W Grecji pracownicy państwowych zakładów energetycznych DEI przerwali dziś akcję strajkową przeciwko planom częściowej prywatyzacji przedsiębiorstwa. Rząd w Atenach zagroził, że w przypadku kontynuowania protestu jego uczestnicy dostaną wypowiedzenia.
Związek zawodowy pracowników DEI poinformował w komunikacie, że wobec groźby natychmiastowego zwolnienia z pracy każdego, kto nie podporządkuje się rządowemu dekretowi o _ przymusowej mobilizacji cywilnej _, pracownicy przerywają strajk, ale nie odstępują od postulatu powstrzymania prywatyzacji firmy.
_ - Walkę będziemy prowadzili w innej formie, ale protesty i akcje związkowe będą trwały _ - brzmi komunikat związkowców. Wezwali oni również inne przedsiębiorstwa państwowe do podjęcia _ wspólnych inicjatyw _ w celu przeciwstawienia się decyzjom rządu, który oskarżają o _ podkopywanie demokracji i konstytucji _.

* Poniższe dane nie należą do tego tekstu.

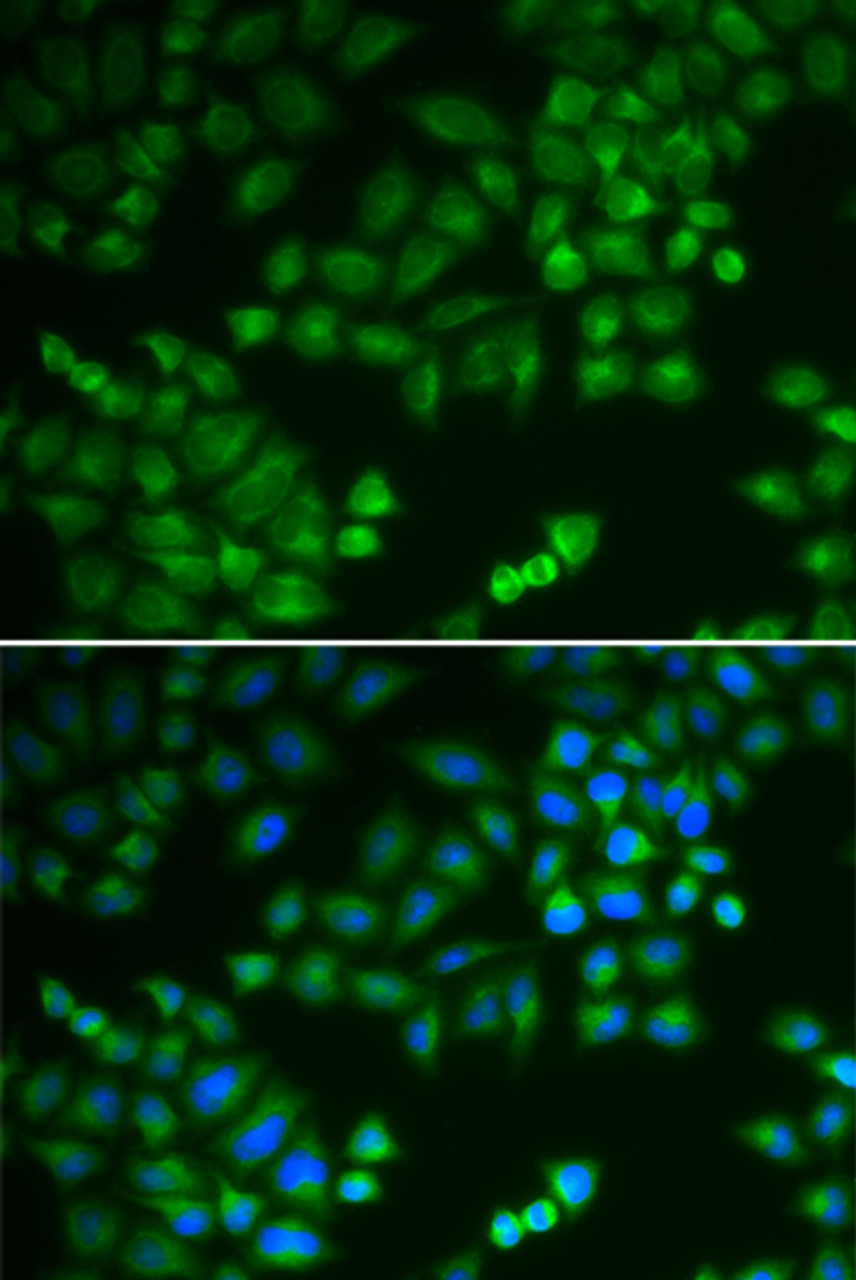 Immunofluorescence analysis of MCF-7 cells using RPL5 Polyclonal Antibody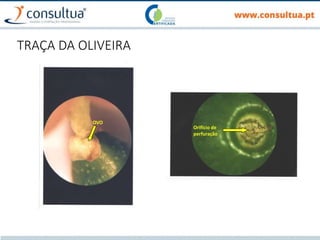 TRAÇA DA OLIVEIRA
OVO
Orifício de
perfuração
 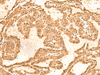 Immunohistochemistry of paraffin-embedded Human thyroid cancer tissue  using TIPRL Polyclonal Antibody at dilution of 1:60(×200)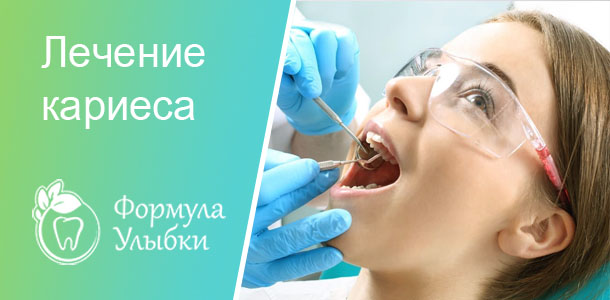 Лечение кариеса в Казани. Опытные врачи клиники «Формула Улыбки» качественно оказывают стоматологические услуги по оптимальной цене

Pracownicy DEI zapewnili, że dostawy energii elektrycznej w poszczególnych regionach kraju będą _ stopniowo przywracane _ i nie będzie więcej przerw w dostawach prądu, ponieważ elektrownie _ kolejno podejmują pracę _.
Po tym, jak sąd w Atenach uznał strajk energetyków za nielegalny, rząd premiera Antonisa Samarasa ogłosił w sobotę tzw. mobilizację załóg pracowniczych DEI, co uniemożliwia prowadzenie strajku.
Załoga DEI nie chce się zgodzić na sprzedaż 30 procent DEI. Ma to być warunek eurolandu, MFW i Europejskiego Banku Centralnego, którzy uzależniają od jego spełnienia dalszą pomoc finansową dla wychodzącej z kryzysu Grecji.
Podczas strajku w DEI solidarność ze związkowcami sektora energetycznego zadeklarowały inne greckie związki zawodowe i partie opozycyjne, m.in. lewicowa partia SYRIZA, która domaga się referendum w sprawie prywatyzacji greckiej energetyki.